Protection sociale et assurance maladie

Les migrants représentent une part importante des personnes vivant sans accès à la sécurité sociale, à la protection sociale, ou à la justice et aux mécanismes de plainte, ou à l'assurance maladie. Largement en cause : leur incapacité à obtenir l’accès aux mêmes droits que les citoyens ou les résidents, en particulier s’ils ont un statut irrégulier ou s’ils sont employés dans un secteur informel (Hennebry, William et Walton-Roberts, 2016). Dans les situations où ces droits sont accordés aux migrants, ceux-ci ignorent souvent comment y accéder voire les exercer. Les femmes migrantes sont affectées de manière disproportionnée car elles sont plus susceptibles de ne pas avoir accès à l’information et peuvent être plus isolées que les hommes migrants.
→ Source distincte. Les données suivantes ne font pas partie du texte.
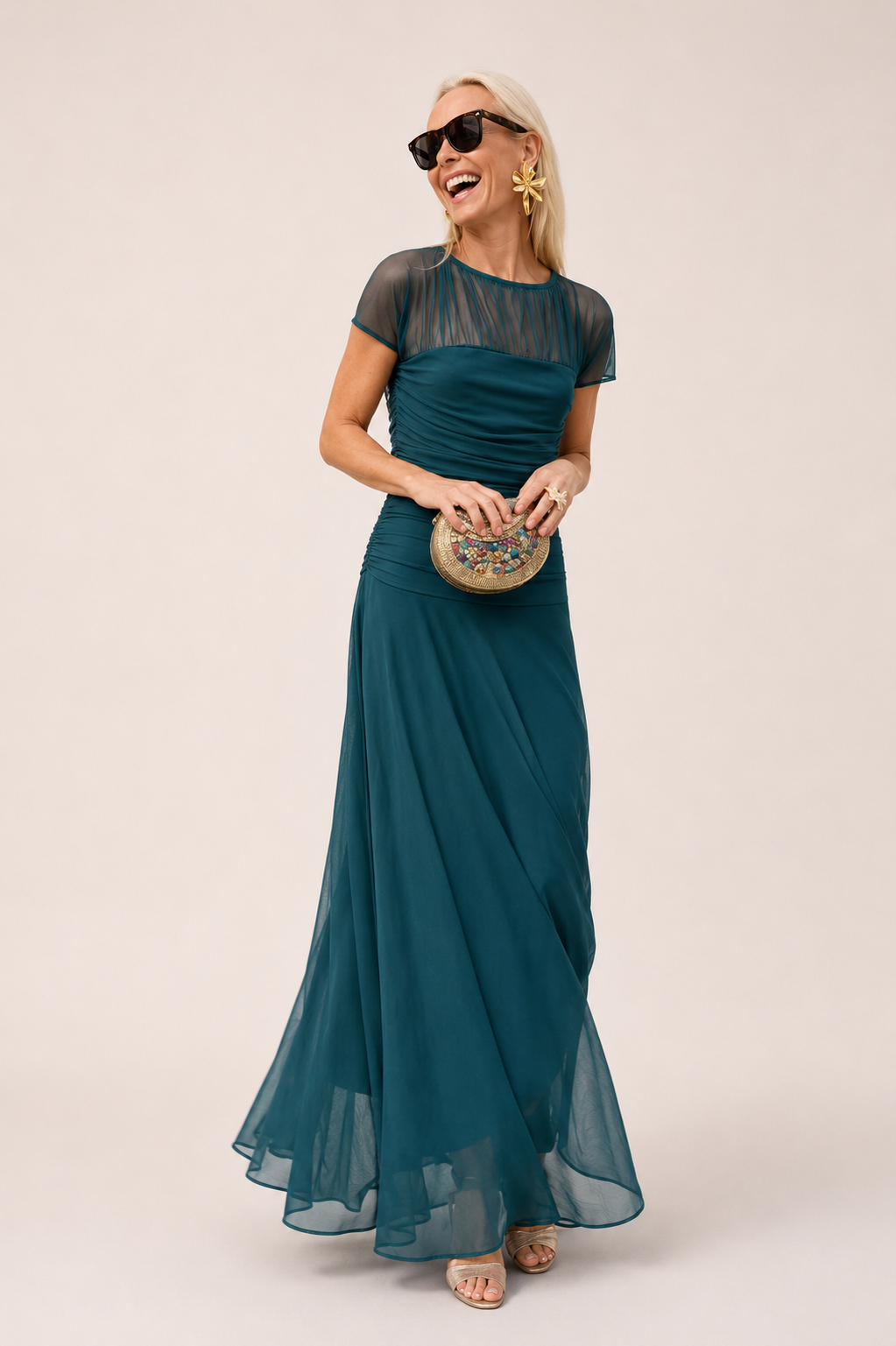 Adriana | Chiffon Dress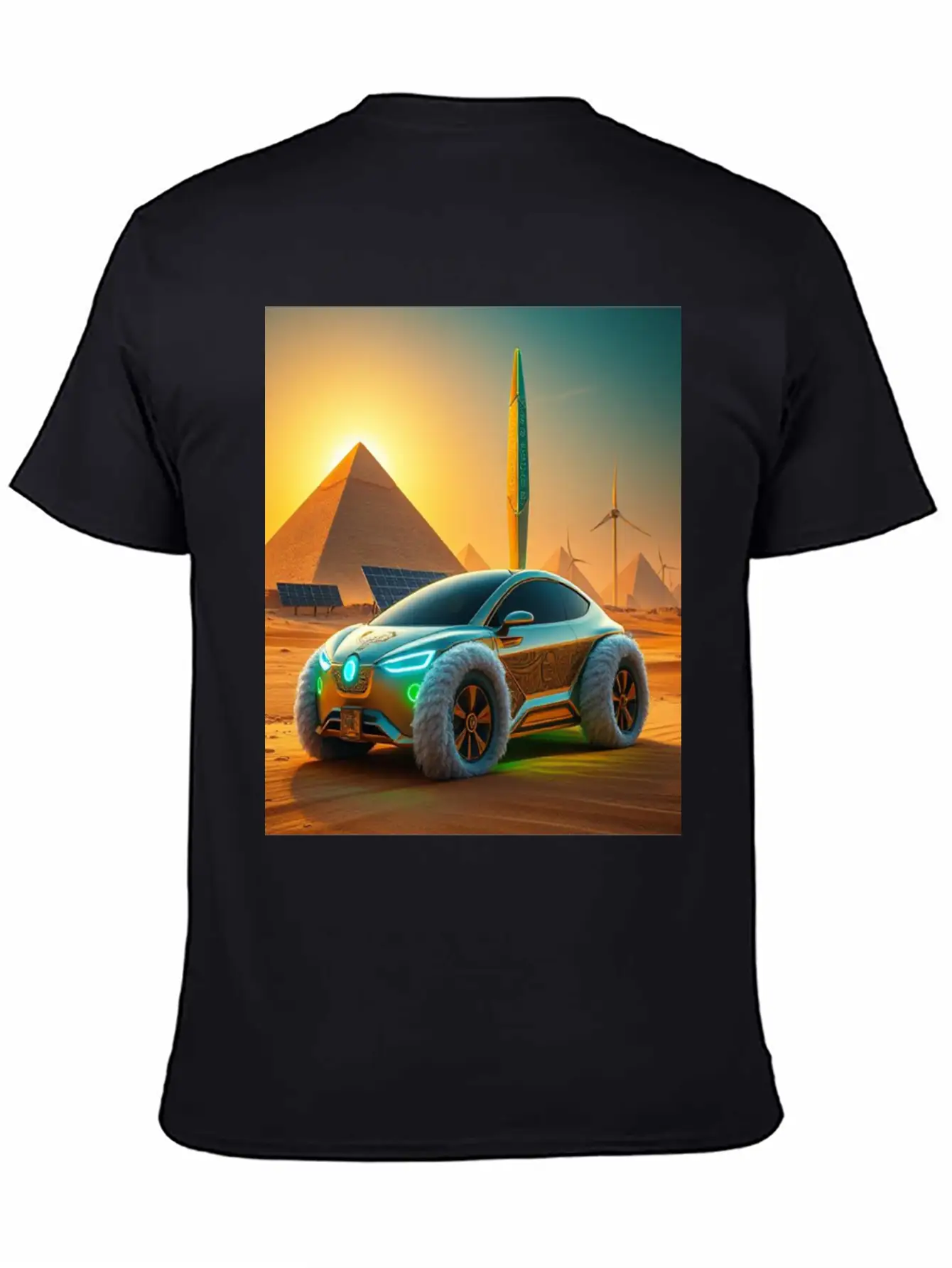 Clean Energy & EV Design Essential Cotton Tee For Daily Outfits ¨C Unisex Style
Dans les cas où le statut migratoire d’une femme est lié à celui de son mari, son accès à la justice peut aussi en être limité. Il existe de nombreux scénarios dans lesquels les migrants en situation précaire sont empêchés d’accéder à la justice de manière sexospécifique. Il peut s’agir de restrictions physiques, si les migrants sont dans un environnement d’exploitation ou de maltraitance (une situation fréquente pour les travailleurs dans le secteur domestique en poste dans un habitat privé), et qu’ils n’ont accès à personne à l’extérieur. Il peut également s’agir de cas où les autorités jouent un rôle dans la perpétuation de l’exploitation ou de la maltraitance, ce qui est le cas dans les pays où les personnes LGBTI sont victimes de discrimination ou de maltraitance dans des pays qui n'acceptent pas vraiment les pratiques homosexuelles. Dans les ambassades, les consulats et les autres centres de soutien et d’information, la capacité à prendre en compte les sexospécificités est faible, ce qui peut e traduire par une grande différence de traitement des plaintes des différents groupes sexospécifiques.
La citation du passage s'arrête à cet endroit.